When I mentioned praying, he asked if I am a Christian.  I told him I am.  He then said he is a Christian as well.  

He asked if I have peace about changing the treatment plan to chemo with radiation therapy.  I told him I did have peace about making this change, and he said he would setup the chemotherapy and coordinate it with the radiation doctor who was setting up the radiation therapy.   
 
Although none of the medical people I spoke with recommended chemotherapy with radiation for my specific case, they agreed to do this.   
 
Treatments began in mid-December, 2022 and were completed in January, 2023. 

πŸ’₯πŸ’₯πŸ’₯ 
 
Two follow-up tests were scheduled for April, 2023 to see if there were any signs of the cancer remaining after the chemo/radiation treatments.  

Before these tests I was given a dream. 
 
In this dream I was at the urologist's office to have a scope procedure.  There were 2 bags with what looked like yard waste in them.  The bags were being examined by scientists or doctors who were looking for disease.  No disease was found.  

When I woke from this dream I asked God what this meant for me and especially about the 2 bags being tested for disease.  I was reminded of the 2 upcoming tests. 

The first test was done on April 14.  It was a scope procedure done by a urologist. He found no evidence of cancer in the bladder, and as he checked the bladder, he said "This looks great!" at least 3 times.  
 
I had a CT scan the following week, and met with the radiation doctor and chemo doctor Monday, April 24, 2023, to discuss the results.
 
The CT scan showed no evidence of cancer remaining!
 
Just as in the dream where no disease was found in either of the 2 bags of waste, no disease was found by the 2 tests looking for signs of cancer in my body. 
 
πŸ’₯πŸ’₯πŸ’₯ 
 
On April 24, 2023 as I spoke with the radiation doctor. I mentioned that I knew chemo with radiation was not the recommended treatment, but that I had prayed about this and felt this was the way I was led by God.  
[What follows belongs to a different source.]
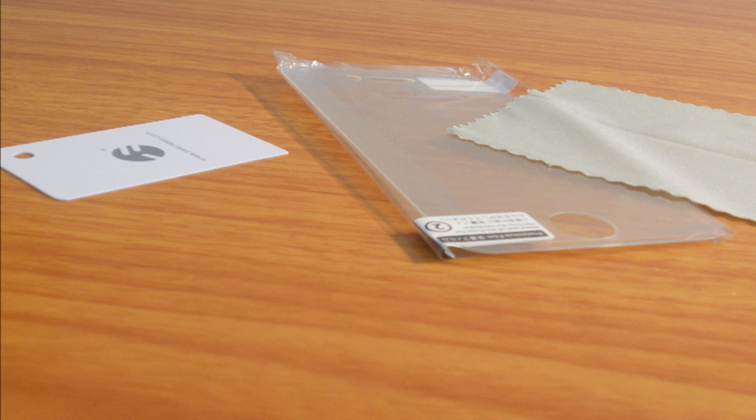You're also going to get a very high-quality screen shield, along with the obligatory microfiber and applicator. The screen shield is really, really nice, and if you were to go out and buy a screen shield, this is basically what you would get — and you get it all included with your $25 that the case costs.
She said she remembered my having told her this.  She went on to say there is not one "right" treatment for everyone and that she could see as we spoke that first day that I understood the pro's and con's of chemo with radiation as she explained these things to me. So she had no concern about setting up this treatment for me. 
 
As I was thinking about her comments later, I recalled the dream I was given by God shortly before meeting with her the first time. In that dream a man was sitting next to me while at her office. It was as if he was helping me and supporting me. 
 
I think an example of this help and support is that this doctor saw that I understood and that she had no concern about setting up this treatment for me.  I was obviously led by God in what to say to her and she was given the confirmation needed to move forward with setting up radiation therapy for me. 

πŸ’₯πŸ’₯πŸ’₯
 
All along the way, when I received a Word from God about dealing with this cancer, that Word came to pass. 
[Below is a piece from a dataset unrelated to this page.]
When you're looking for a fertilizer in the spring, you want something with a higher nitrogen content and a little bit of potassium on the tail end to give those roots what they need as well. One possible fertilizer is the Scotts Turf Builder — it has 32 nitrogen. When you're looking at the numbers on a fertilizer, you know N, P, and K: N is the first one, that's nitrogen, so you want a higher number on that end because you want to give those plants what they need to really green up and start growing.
Acts 27:25 (Paul said)  Wherefore, sirs, be of good cheer: for I believe God, that it shall be even as it was told me.

πŸ’₯πŸ’₯πŸ’₯
 
One other thing ... 
 
Before going to see these doctors on April 24, I made copies of the writing from our blog about how God has led and helped me in the cancer treatment.
 
I gave the radiation doctor one of the copies and explained that it told of how God had led me in making the chemo/radiation decision, as well as dreams I had been given. She seemed sincerely happy to get this. She thanked me twice for having given this to her. 
 
Then I met with the chemo doctor who had previously told me he is a Christian. 
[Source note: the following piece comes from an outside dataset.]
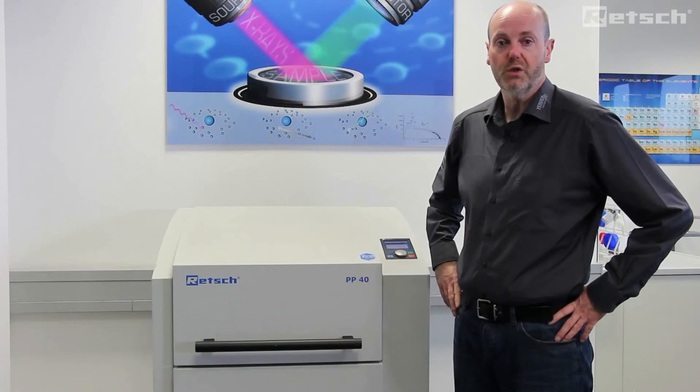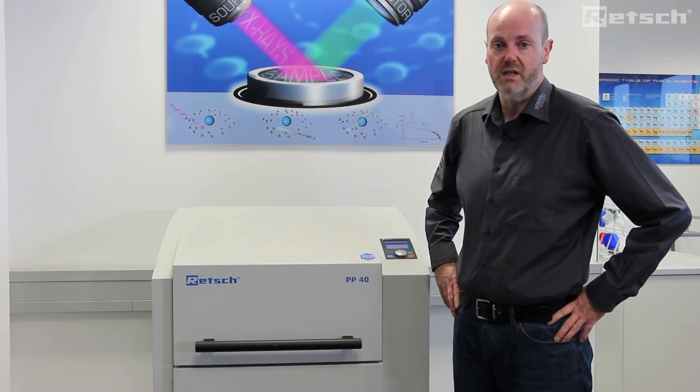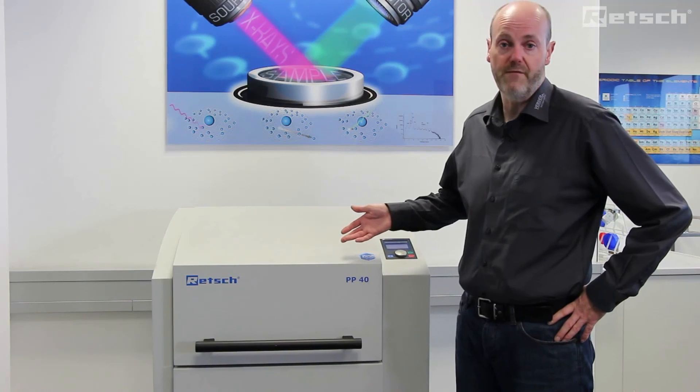I hope you have enjoyed the short introduction to pellet pressing using the automated PP40 pellet press.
He asked how I was feeling and I told him I feel very good. He asked if I felt good enough to go back to church now. I explained that I don't attend a church building, but that I communicate with other Christians (sort of like home church) and that I have shared how God has helped me with the cancer and that I would like to give him a copy of a writing about this. I handed him an envelop with this writing. 
 
He immediately opened the envelop and started reading the writing, smiling and nodding his head up and down as he read. Then he stopped and put the writing in his pocket, saying he wanted to take this home and read it that evening.
 
I also sent a copy of the writing to the urologist.  
 
I am glad to have had this opportunity to share with these doctors how God led and helped me.